YOUR GOAL - Please repeat the whole listing exactly, but leave out any picture it holds.
──────── DATASET EXTRACT ────────
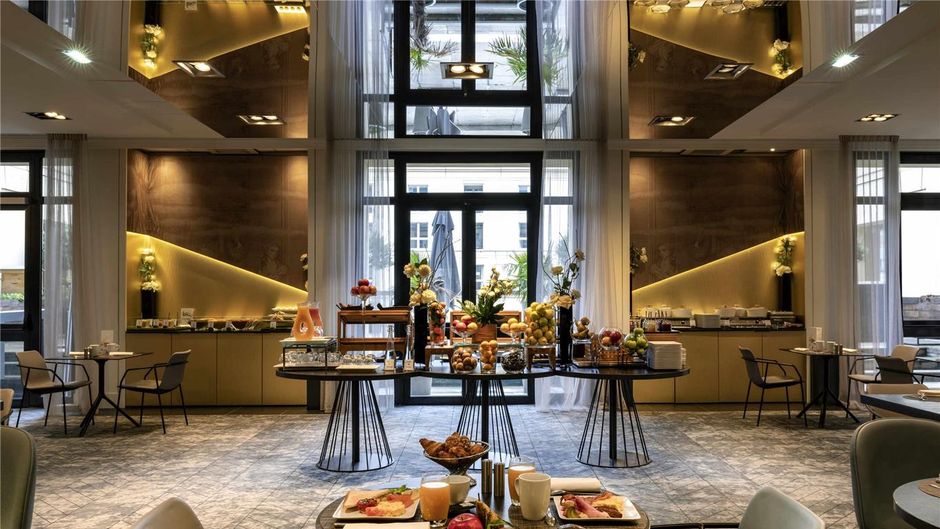 Le Louis Versailles Chateau MGallery Restaurant
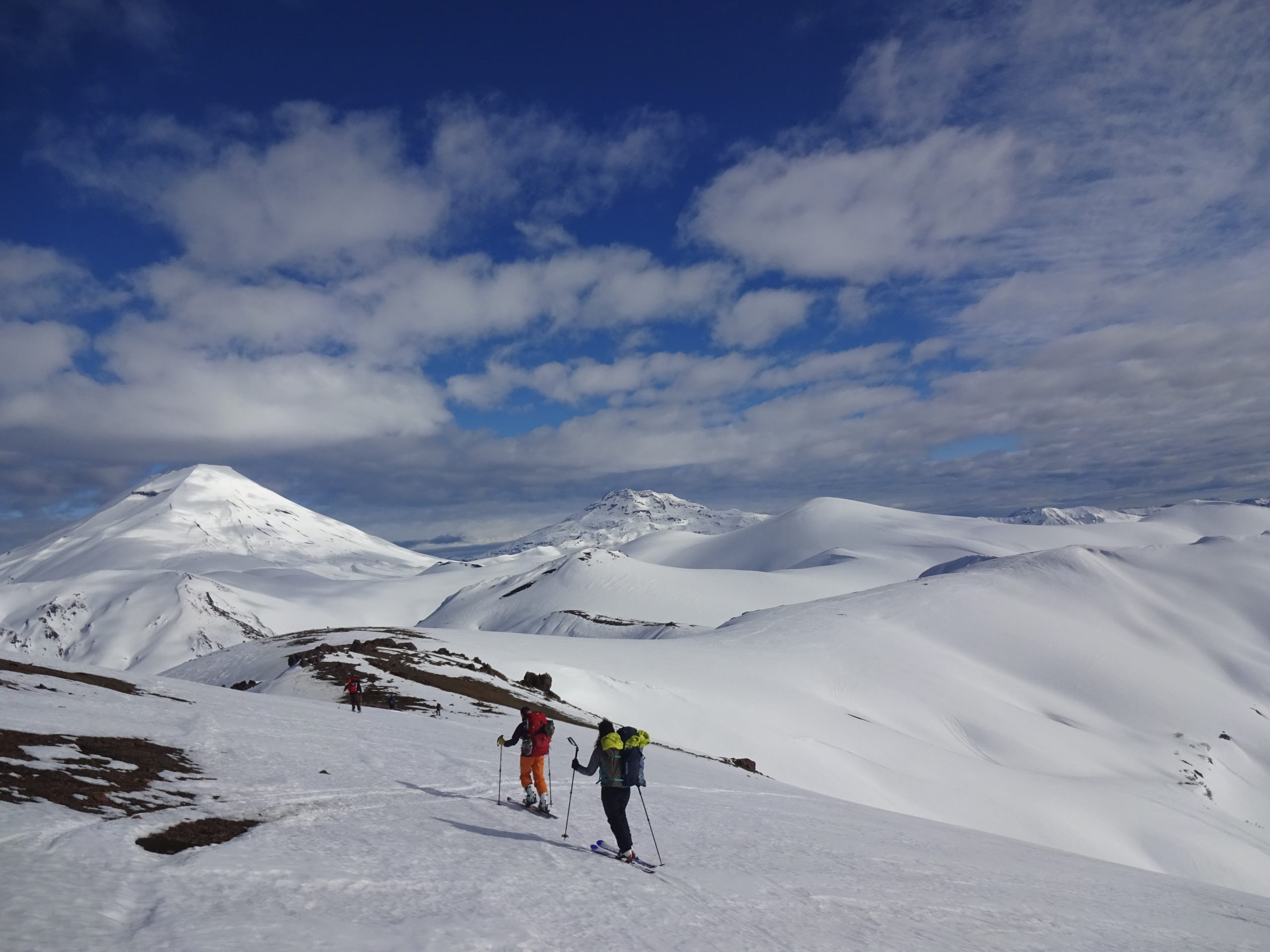 Salida Randonée: Travesía Centro de Ski Corralco (Malalcahuello) a Los Arenales (Lonquimay) ,  Araucanía Andina 3 y 4 de Agosto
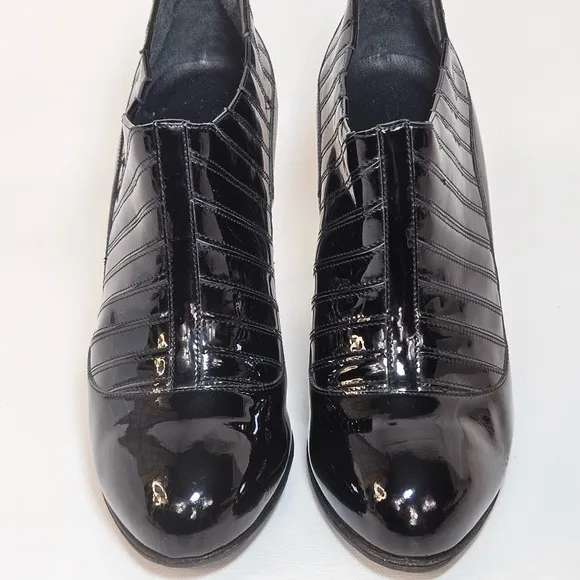 CHANEL Patent Leather Ankle Booties Shoes Paris New York PNY 37.5 (US 7.5) 2006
────────
SOLUTION TO THIS TASK -
 Le Louis Versailles Chateau MGallery Restaurant
 Salida Randonée: Travesía Centro de Ski Corralco (Malalcahuello) a Los Arenales (Lonquimay) ,  Araucanía Andina 3 y 4 de Agosto
 CHANEL Patent Leather Ankle Booties Shoes Paris New York PNY 37.5 (US 7.5) 2006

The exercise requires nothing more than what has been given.